DNA Picasso didn’t always know that music was going to be his future. Growing up, his focus had always been athletics, even getting a scholarship to Hastings College for track and field. However, during his freshman year, a brief stint at KMGLife’s studios changed everything. Years down the road, DNA Picasso, born Devin Arnold, has created a collaborative force in the Picasso Gvng, and he’s hoping to bring positive change to Denver’s music scene.
At five-years-old, Arnold and his twin brother were adopted from the slums of New York and taken to Ontario, California. In the ninth grade, Arnold’s family moved to Denver, where he completed high school at Cherokee Trail High School. He dabbled in music, learning how to drum in middle school and beginning freestyling in high school. He credits Lil Wayne for helping him start rapping.
“He showed me what it was to be yourself unapologetically,” he explained. “He’s never afraid to try new things, test different sounds, dip into different genres and do what no one else expects him to do.”

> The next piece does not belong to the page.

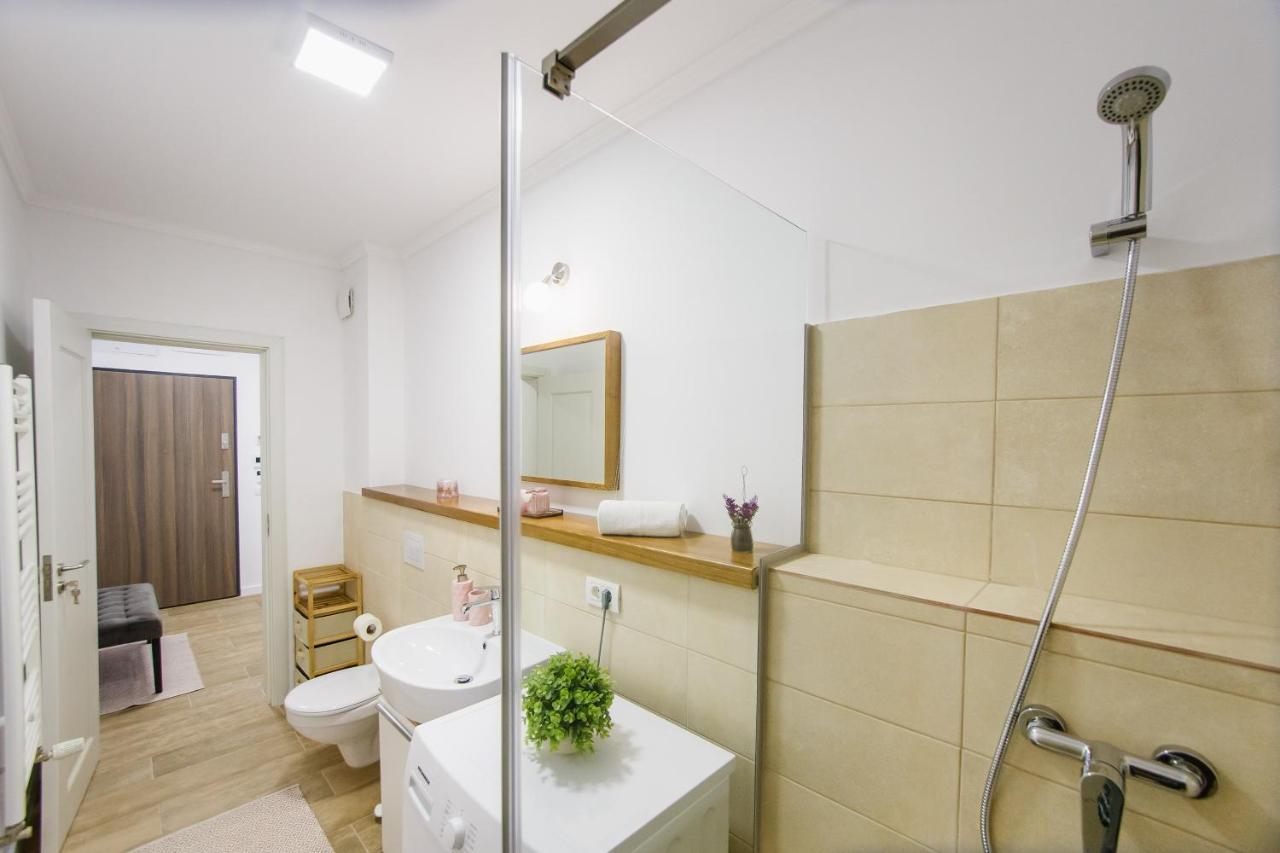 Lovely Home At West Residence Oradea Exteriér fotografie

It was only during his freshman year of college that Arnold realized that becoming a professional athlete wasn’t his dream. Instead, music was the path for him. “I stopped a lot of things to become an athlete, and I really thought I wanted that,” he remembers. “But I didn’t really want that — I felt like someone else wanted that for me. Music is like the first thing that I wanted for myself, and that’s why I love it so much, truly.”

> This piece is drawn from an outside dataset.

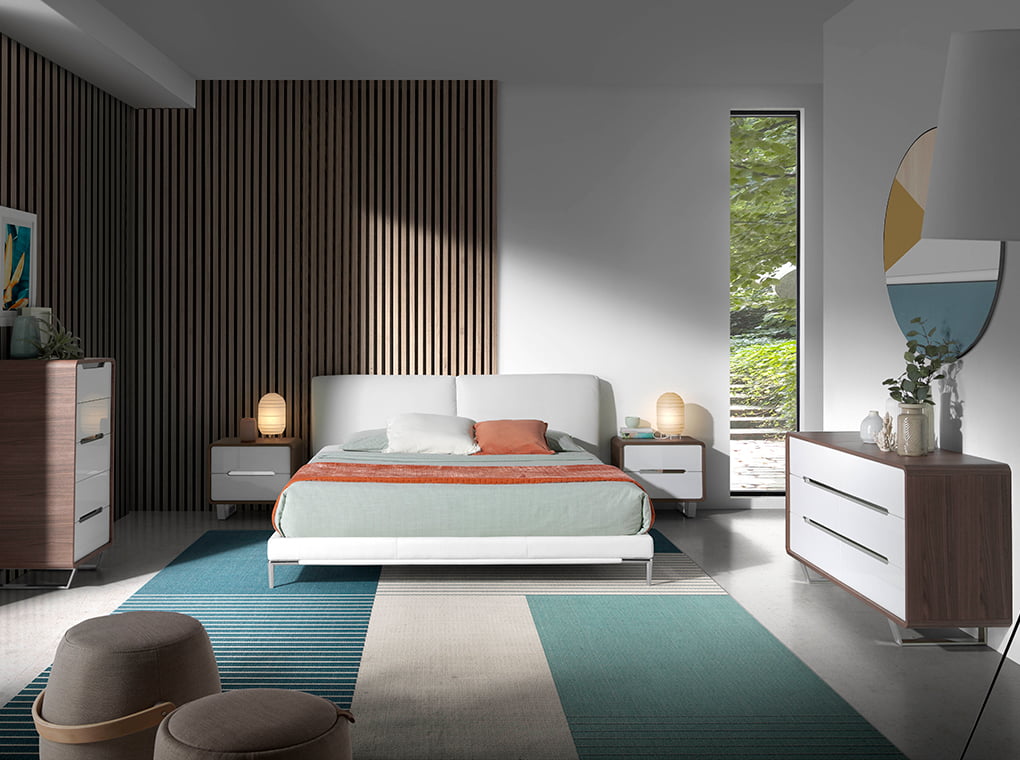 Cómoda de Nogal con cajones blancos brillantes y soporte metálico Angel Cerdá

Once he discovered his passion for music, Arnold made the decision to drop out of college and chase his dream full time. He moved back in with his parents and began working on his photography skills while figuring out his next moves. After a season of couch-hopping and sleeping in his car, Arnold found a job and started making music in earnest.
In 2017, Arnoldreleased his first two EPs — The New Wave and Tsunami SZN — and followed those up with three albums: #ForTheRecord, 10 Hour Layover and #ForTheRecord2. However, his goal with music wasn’t just to create and release album after album. “I just want to be a mogul — music is my whole life, but it’s also bigger than music,” he said. “All the artists out here need the utmost support, because we’re doing this all on our own.”

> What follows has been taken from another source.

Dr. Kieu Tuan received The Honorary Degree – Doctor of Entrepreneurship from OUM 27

Enter the Picasso Gvng. What originally started as a fun t-shirt gimmick on Arnold’s birthday in 2019 became a label dedicated to bringing artists and producers together. He posted on social media searching for talent, and the submissions came rolling in. Rappers Forty $even, SixthAve, Jamaal Lyndell, PS Mike Rose, Jus-CJ, Dom G and Biz all answered the call, and now all are signed under Picasso Gvng Records.
Recently, on February 12th, Arnold released Picasso Gvng University, a fully collaborative album intended to be the Picasso Gvng rap collective’s debut. The eight rappers featured on Picasso Gvng University hadn’t really worked together before or even met each other in person. DNA remembered the first time he brought them all together.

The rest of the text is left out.